Mine is but the PD ones look like they also have a v12 line as well.


----------



## andy monty (Dec 29, 2007)

dreaddan said:


> Mine is but the PD ones look like they also have a v12 line as well.


no the PD had 6 connections/ wires in total to the unit

2x multiplug for sounder plug in

2x multiplug one to earth and one to reverse light live

2x multiplug to the strip plug in



M4D YN said:


> so how do you rate them??


i find it very good it saved my bumper on saturday night from a high curb in a very dark pub car park (and yes i was drinking coke)

it gets a bit excited on rough ground but other than that its fine

if you have a 4x4 or a towbar you need a twin aerial kit on ebay he threw mine in for free :thumb:


----------



## shabba (Sep 28, 2008)

preeetty cool  better than the originals where you have those damn circles in the rear bumper (got a 1 series coupe M pack and you can't have them without!!!) grrr


----------



## HairyG (Jun 13, 2008)

Just found this thread and it's very good. SWMBO has just bought an Audi A3 that has parking sensors fitted and we are both worried she will reverse my precious SL into something waiting for the bleeping to start.

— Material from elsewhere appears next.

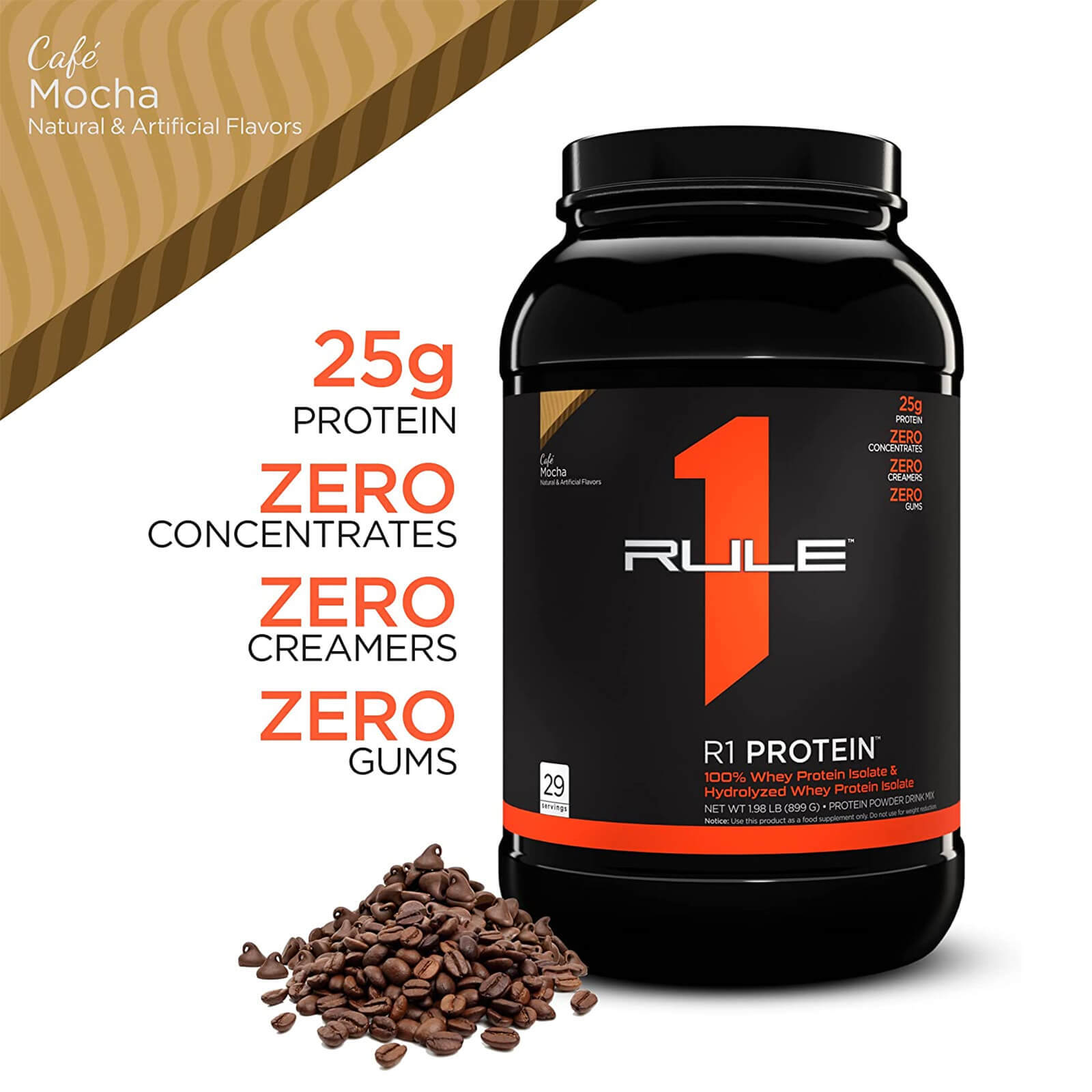 RULE 1 Protein 29 serv Café Mocha Whey Protein Isolate Hydrolysate 1.98lb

This could be the answer without marring the bumper. The price of the sound alert only version is much less than the cost of a new bumper!


----------



## APK (Oct 6, 2008)

I fitted a similar kit (taurus) about 3 years ago, and found it brilliant, I now have the "drilled" in type, and they are not as reliable, also I used to use a towbar mounted bike rack, and this type of sensor only senses movement, so can still be used with a rack.

Finally the best bit.......................people assume you are a brilliant driver, as they can't see any visible sensors!


----------